詳しく知らないと大変なことになる場合も

ITエンジニアとして働く上では、念頭に置いておくことが欠かせない問題があります。それは、業務委託契約を始めとする、仕事の請負あるいは委任の契約方法についてです。
一般的に見られる、会社に雇われて決められた時間に出勤をして、決められた業務を担当するという働き方をしている人は、通常であれば雇用契約を結んでいることになります。しかし、それとは異なる方法で仕事を発注・受注するということもできます。

その一つが業務委託と呼ばれているやり方です。この場合、発注側となる企業は人を雇う必要はないので、雇用保険などを掛ける必要はありません。一方で受注側となるエンジニアにとっては、請け負った仕事に関する指示を拒否する権利、勤務場所や勤務時間を制限されないといったメリットがあります。
よく見られるケースとしては、発注側がプログラミングなどの成果物の作成を、フリーランスエンジニアなどに依頼する場合です。この業務委託は適切に利用されている場合は、受注側にもメリットが大きいものです。例えば、開発開始後に要件が変わってしまったので追加をしたいという発注側の依頼が行われても、受注側は、大規模な改修になるため、追加の報酬がなければ拒否する権利があるのです。
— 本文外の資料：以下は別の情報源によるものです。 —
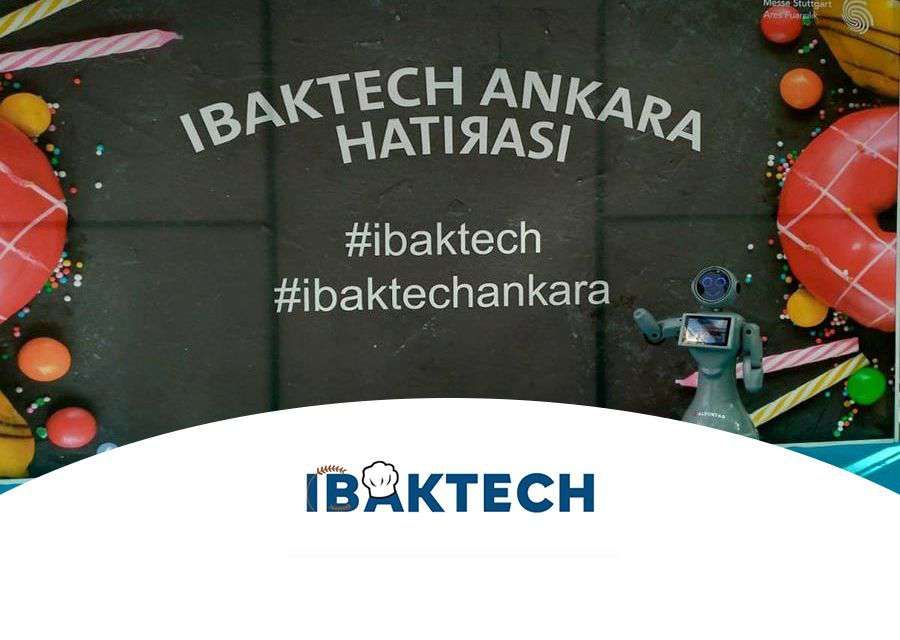 MINI ADAS AT THE IBAKTECH 2019 FAIR...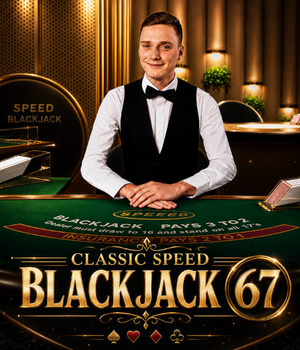 Classic Speed Blackjack 67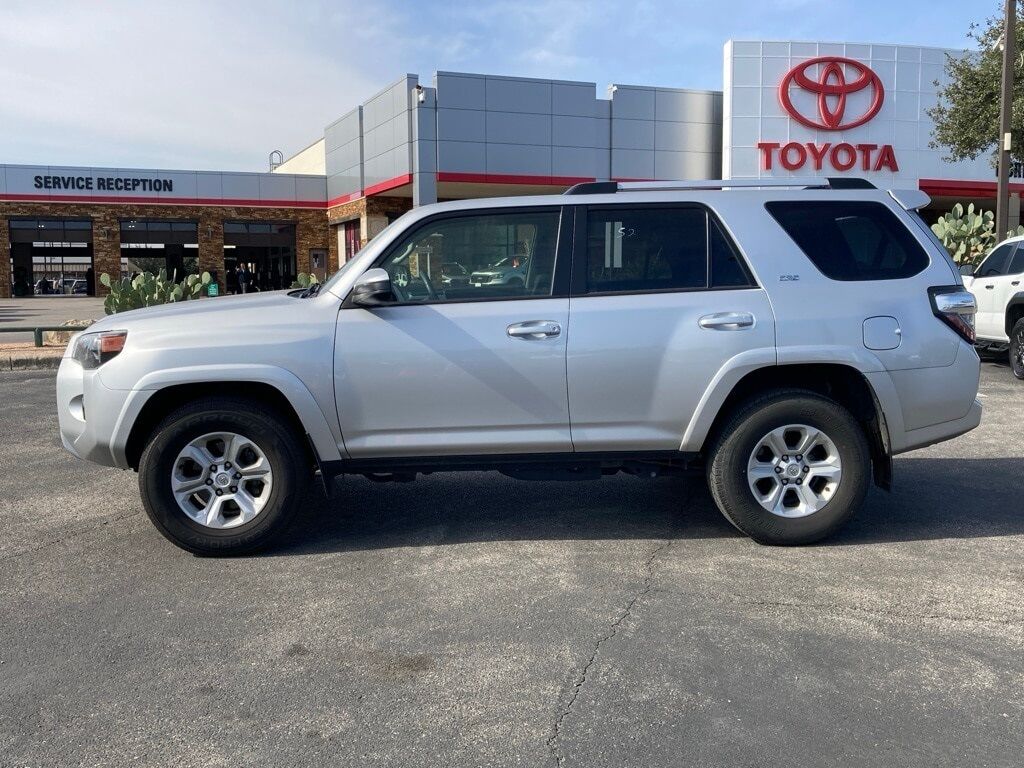 2024 Toyota 4Runner SR5 San Antonio TX
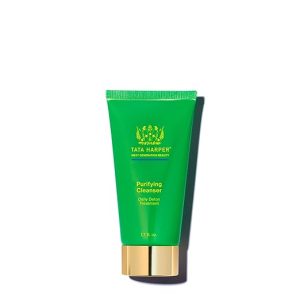 Tata Harper Purifying Cleanser, Pore Detox Cleanser, 100% Natural, Made Fresh in Vermont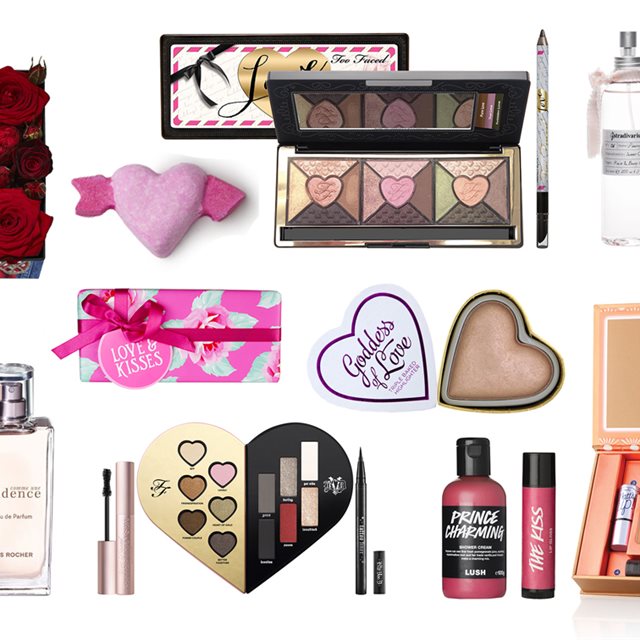 Los productos 'beauty' que querrás en San Valentín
しかし、起業直後で何がなんでも仕事を請負いたいというフリーランスや、一つ一つの契約内容を吟味し、妥当か考えられる知識や経験がないフリーランスの場合、知らない内に違法な契約を取り交わしてしまっていることがあります。
そういった事態を避け、本来あるはずのメリットや権利を得るためには、業務委託に関する疑問を解消して、慎重に契約することが大切になります。